## Data to use
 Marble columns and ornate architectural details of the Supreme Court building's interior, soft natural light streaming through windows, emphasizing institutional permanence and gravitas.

==

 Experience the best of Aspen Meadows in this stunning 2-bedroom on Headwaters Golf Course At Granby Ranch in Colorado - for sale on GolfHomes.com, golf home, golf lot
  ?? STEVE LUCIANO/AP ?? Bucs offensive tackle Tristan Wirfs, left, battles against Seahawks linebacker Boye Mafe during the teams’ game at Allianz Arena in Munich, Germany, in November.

--

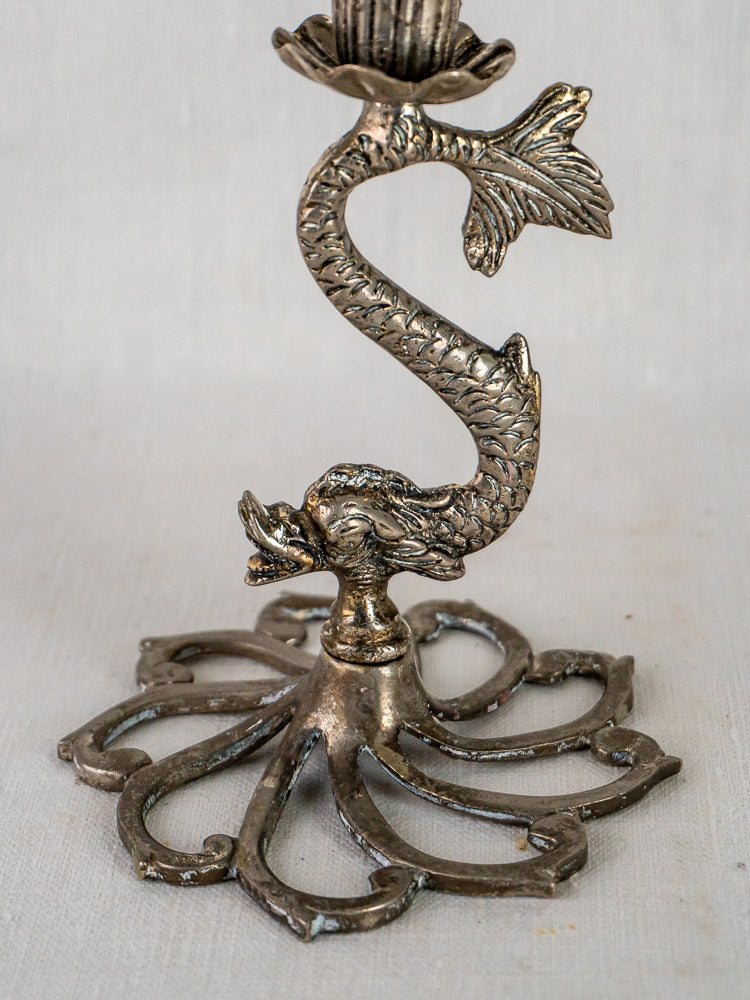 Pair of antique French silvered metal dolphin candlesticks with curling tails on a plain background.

## About this task
Within the material above, transcribe exactly the lines that run from the line holding "Experience the best" through the line holding "Germany, in November.".

## Result of this task
 Experience the best of Aspen Meadows in this stunning 2-bedroom on Headwaters Golf Course At Granby Ranch in Colorado - for sale on GolfHomes.com, golf home, golf lot
  ?? STEVE LUCIANO/AP ?? Bucs offensive tackle Tristan Wirfs, left, battles against Seahawks linebacker Boye Mafe during the teams’ game at Allianz Arena in Munich, Germany, in November.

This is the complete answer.